What is an Arbitral Tribunal?
- Section 2 (1) (d) of the Arbitration and Conciliation Act, 1996 (A & C Act) states that arbitral tribunal means a sole arbitrator or a panel of arbitrators.
Legal Provisions for the Composition of Arbitral Tribunal
Section 10: Number of Arbitrators
- Section 10(1) states that: Parties have the freedom to decide how many arbitrators they want, but the total number must be odd. This prevents deadlocks in decision-making.
- Section 10(2) states that: If parties don't specify the number of arbitrators in their agreement, the tribunal will consist of a single arbitrator by default.
Section 11: Appointment of Arbitrators
- Sub- section 11(1) states that: An arbitrator can be of any nationality unless the parties have specifically agreed otherwise.
- Sub- section 11(2) states that: Parties can agree on any procedure they wish for appointing arbitrators.
- Sub- section 11(3) states that: If there's no agreed procedure and three arbitrators are needed, each party will appoint one arbitrator, and those two arbitrators will together appoint the third arbitrator who will act as the presiding arbitrator.
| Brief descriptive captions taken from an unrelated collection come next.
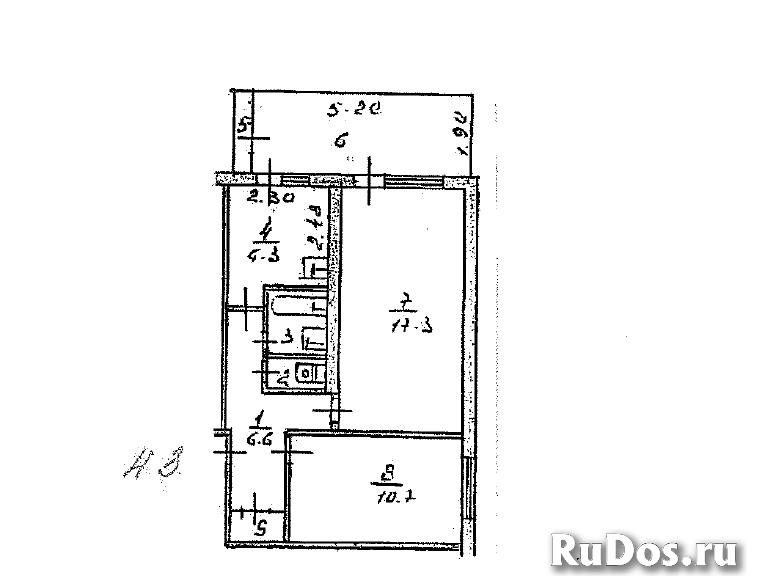 Продам 2 комнатную квартиру 45 м2 изображение 3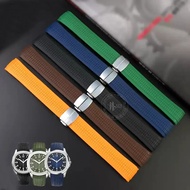 Soft Rubber Watch Band Aquanaut Fits For Patek Philippe Silicone 5164A 5167A 5168A 21mm Folding Buck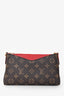 Louis Vuitton 2016 Red/Brown Monogram Pallas Clutch on Chain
- Sub- section 11(4) states that: When the procedure in 11(3) applies, and:
- A party fails to appoint an arbitrator within 30 days of being asked to do so, or
- The two appointed arbitrators fail to agree on the third arbitrator within 30 days, then the Supreme Court or High Court (or a person/institution they designate) will make the appointment when requested by a party.
- Sub- section 11(5) states that: If there's no agreed procedure and a sole arbitrator is needed, but parties can't agree on who to appoint within 30 days, the Supreme Court or High Court (or their designate) will make the appointment upon request.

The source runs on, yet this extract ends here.